In summary, the study represents a significant contribution to the cryosphere and scientific community, by providing a new glacial termini dataset for Greenland, and an automated deep learning based pipeline for automated glacial feature extraction. However, there are certain comments to be addressed regarding the dataset and the manuscript before acceptance at the editor’s discretion, as detailed below.
Major Comments:
- A primary concern to be noted is the lack of certain validation metrics that are commonly used in works such as this. Previous studies use the same established validation metrics (average area/distance between predicted and observed termini, or Mean distance error) to ensure ease of comparison. This measure is used in existing works such as Mohajerani et al. (2019), Baumhoer et al. (2019), Cheng et al. (2021), Heidler et al. (2021), Gourmelon et al. (2022), Loebel et al. (2022), and specifically Zhang et al. (2019, 2021). The average uncertainty of 37m, which is calculated using the average distance between duplicate picks from Landsat-8 and Sentinel-2, is somewhat misleading given this context, and the lack of such mean distance error calculation with respect to the ground truth should be addressed. Use of existing validation sets (Cheng et al. (2021), TermPicks/Goliber et al. (2022), and specifically Gourmelon et al. (2022)) would be advisable, as this would allow a fair comparison of this method with existing studies on established measures.

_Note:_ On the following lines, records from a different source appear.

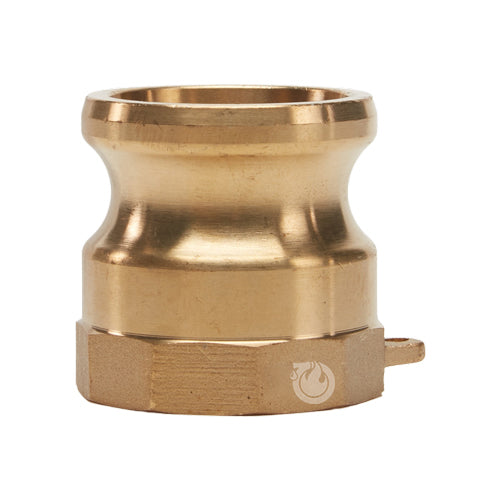 Brass 1 1/2" Male Camlock x 1 1/2" Female NPT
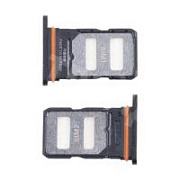 Держатель SIM для Xiaomi Redmi Note 14 Pro 5G (24090RA29G) Черный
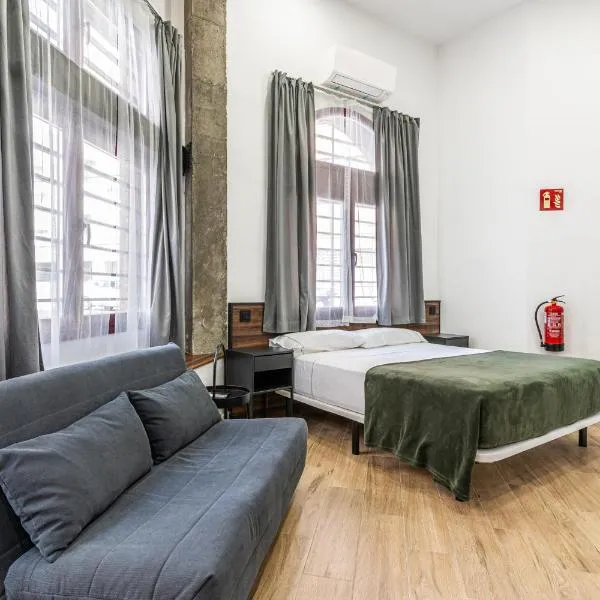 VR OBREGON APARTMENTS, hotelli kohteessa Madrid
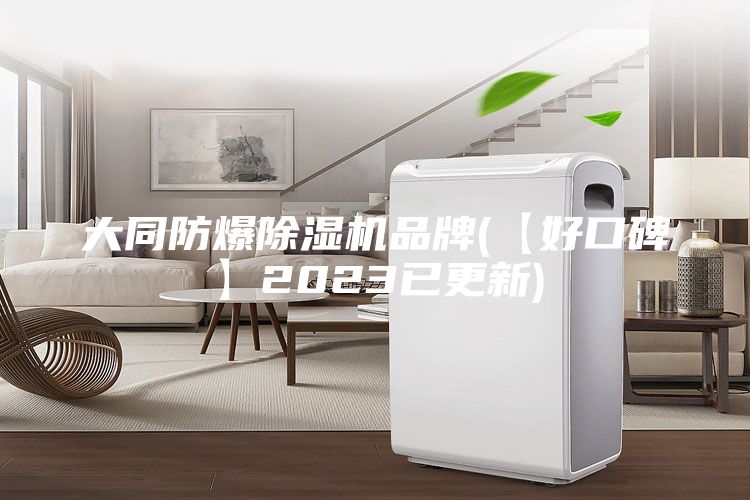 大同防爆除湿机品牌(【好口碑】2023已更新)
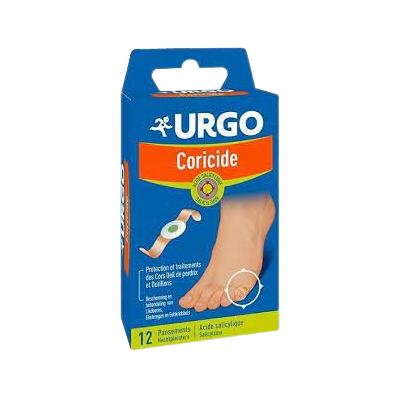 URGO CORICIDE Náplast na kuří oka 12 ks URGO CORICIDE Náplast na kuří oka 12 ks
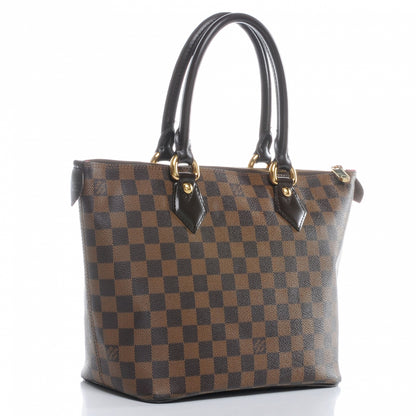Louis Vuitton Damier Ebene Saleya PM 3 of 7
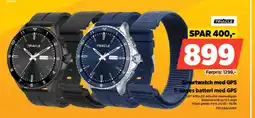 Power TRIACLE Smartwatch med GPS dages batteri med GPS tilbud
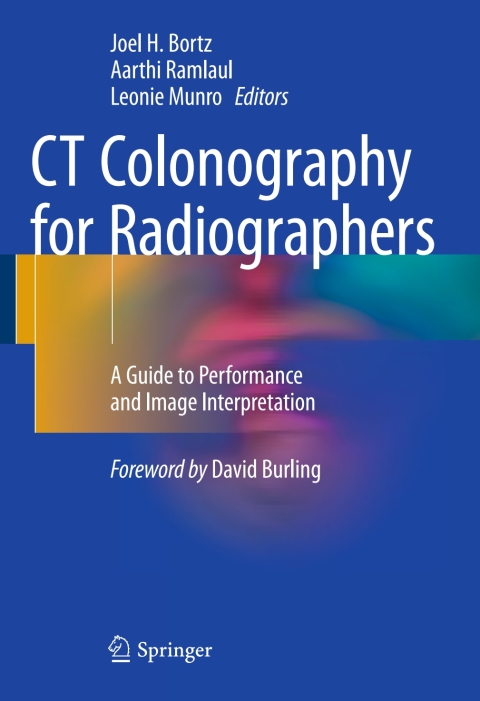Cover image for book CT Colonography for Radiographers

- A related concern to be noted is the biases inherent in the chosen validation metrics. One validation metric (average distance between duplicate picks from Landsat-8 and Sentinel-2) is biased towards lower/better values, since it is only calculated on higher resolution images, and doesn’t measure the method’s performance with respect to manual delineated observations that function as the ground truth. Furthermore, this uncertainty quantification cannot be calculated across the entire dataset, so its use as a metric to gauge the quality of the dataset is questionable.
- The data itself has a few issues that require reevaluation of the automated screening module. Within the provided dataset, there are fronts that are closed loops, make large spatio-temporal jumps, or are otherwise erroneous. Additionally, there is a non-negligible number of glaciers with termini that are cutoff by the boundaries of the ROI, which should be expanded and/or otherwise addressed.
- While the primary contributions of this study are the data processing pipeline and dataset, there is value in providing some analysis of the results, such as commenting on the general/regional area change trends (as shown for individual glaciers in the supplement, and to a degree in Figure 6), volume loss (when integrated with velocity datasets, though this may be out of scope), or correlations with temperatures/other measurements.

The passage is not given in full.